Do you think it would be worth the time and effort to have a worthwhile article on one of Britain's greatest philosopher theologians? There are many errors in the present article, as I have already pointed out, and it is seriously incomplete. The plan need not be necessarily very complex. I propose meeting up with someone like Charles Matthews or another trusted and competent editor (I have the highest regard for the quality of Charles' editing). I could do the key parts of the research separately - indeed, as I mentioned, there is much material Jack Zupko and I eliminated from the current version of the forthcoming book which is not copyrighted, and which could be incorporated into the Wikipedia article. Plus much other material which has formed part of separate research (reliably sourced, of course, no original research!).
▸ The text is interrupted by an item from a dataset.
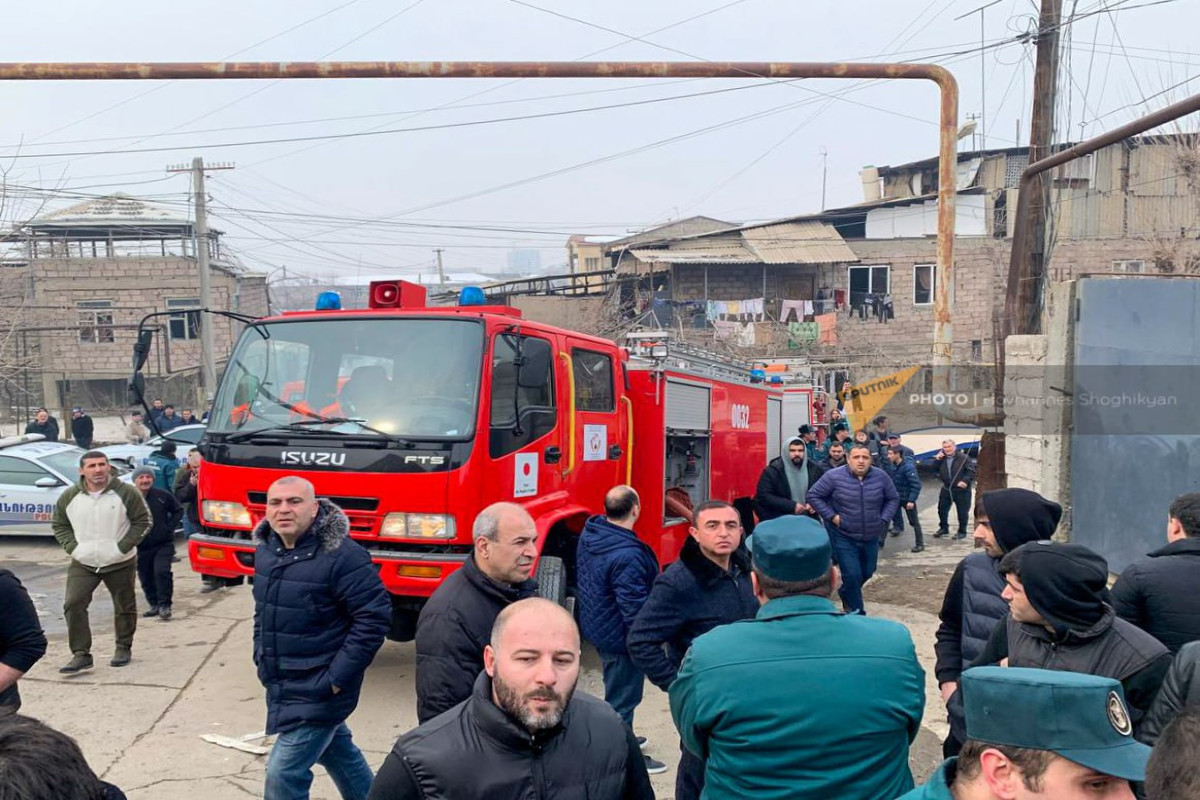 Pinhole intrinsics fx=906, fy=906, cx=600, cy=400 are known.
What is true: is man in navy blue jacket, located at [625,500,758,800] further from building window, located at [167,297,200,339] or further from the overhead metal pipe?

Then I could provide the material to Charles or someone, he could upload it, and I could dictate the usual changes connected with linking, wikifying and so on. I will copy this to Charles in case he is interested. I could also ask if other specialists in Scotist studies would like to be involved.
It would also be a great piece of PR, showing that Wikipedia and Wikimedia can 'work with the system' to involve even those who are banned from the project, but who want to improve it. It would involve 'outreach' if other medieval specialists could be involved. Also, I still have contacts in the world of higher education journalism who would love to publish something about this.
So what's the point in having people here, who are banned from WP?
That's very hurtful. Just because I am banned from Wikipedia, for an incident entirely unrelated to the quality of my editing, does not mean I cannot usefully contribute to the project. I was working with one of the top medieval scholars for the Scotus book, and I have contributed many many articles on medieval philosophy and logic to Wikipedia in the past. I am probably one of the longest serving editors contributing to this forum (since July 2003). Just because someone is banned, does not mean they cannot contribute usefully to the project. That's a horrid form of discrimination.
Ed
On 25 May 2012 12:50, Edward at Logic Museum edward@logicmuseum.com wrote:
It would also be a great piece of PR, showing that Wikipedia and Wikimedia can 'work with the system' to involve even those who are banned from the project, but who want to improve it.
It's not a matter of whether Wikipedia "can" work with you. It's a matter of whether it wants to. You've been banned, which means it doesn't want to work with you. It's not an inability, it's a choice.